SPARQL 1.1 entailment regimes and query with FROM clause

倾然丶 夕夏残阳落幕 提交于 2019-12-05 18:44:52

Your second query only returns only book1 because in Sesame's RDFS inferencer, entailed statements are inserted in the default graph, not in the named graph(s) from which the premises for the entailment come. So the entailed results are simply not present in the graph you are querying.

The reason for this design choice is at least partly historic, as the Sesame RDFS inference engine predates the W3C notion of entailment regimes. The rationale at the time was that in the case of inferencing over several named graphs (where e.g. one premise comes from graph A and another from B), insertion in the default graph (rather than in either A, or B, or both) was simplest with the least amount for confusion.

Sesame currently does not explicitly support the W3C entailment regimes specification. However, if you feel that a simple improvement would be possible to make it more compatible, by all means log a feature request.

(disclosure: Sesame developer)

What exactly is in the default graph isn't specified by the SPARQL 1.1 standard.
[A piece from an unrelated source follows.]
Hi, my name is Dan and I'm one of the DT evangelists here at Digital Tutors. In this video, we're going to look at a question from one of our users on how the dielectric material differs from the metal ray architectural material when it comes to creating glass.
In particular, see 13.1 Examples of RDF Datasets which mentions that:

The definition of RDF Dataset does not restrict the relationships of named and default graphs. Information can be repeated in different graphs; relationships between graphs can be exposed. Two useful arrangements are:

  • to have information in the default graph that includes provenance information about the named graphs
  • to include the information in the named graphs in the default graph as well.

However, by using FROM clauses to specify which graph should be the default graph, or by using multiple FROM clauses to specify which graphs should be merged to be the default graph.
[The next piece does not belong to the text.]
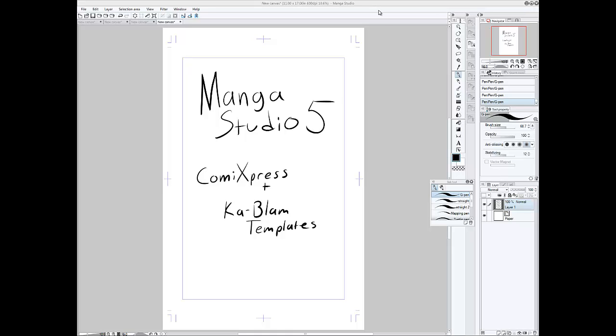Welcome everyone. What I'd like to do in this video is go over some custom templates I made and what the settings are in Manga Studio 5. And the two templates are for Comic Express and Kablam.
That's all concerning the default graph. The active graph is another term you'll see in the SPARQL 1.1 spec:

The graph that is used for matching a basic graph pattern is the active graph. In the previous sections, all queries have been shown executed against a single graph, the default graph of an RDF dataset as the active graph. The GRAPH keyword is used to make the active graph one of all of the named graphs in the dataset for part of the query.

So, you can use from (possible multiple times) to control the default graph, and thereby the initial active graph, and then graph { … } within a query to change the active graph.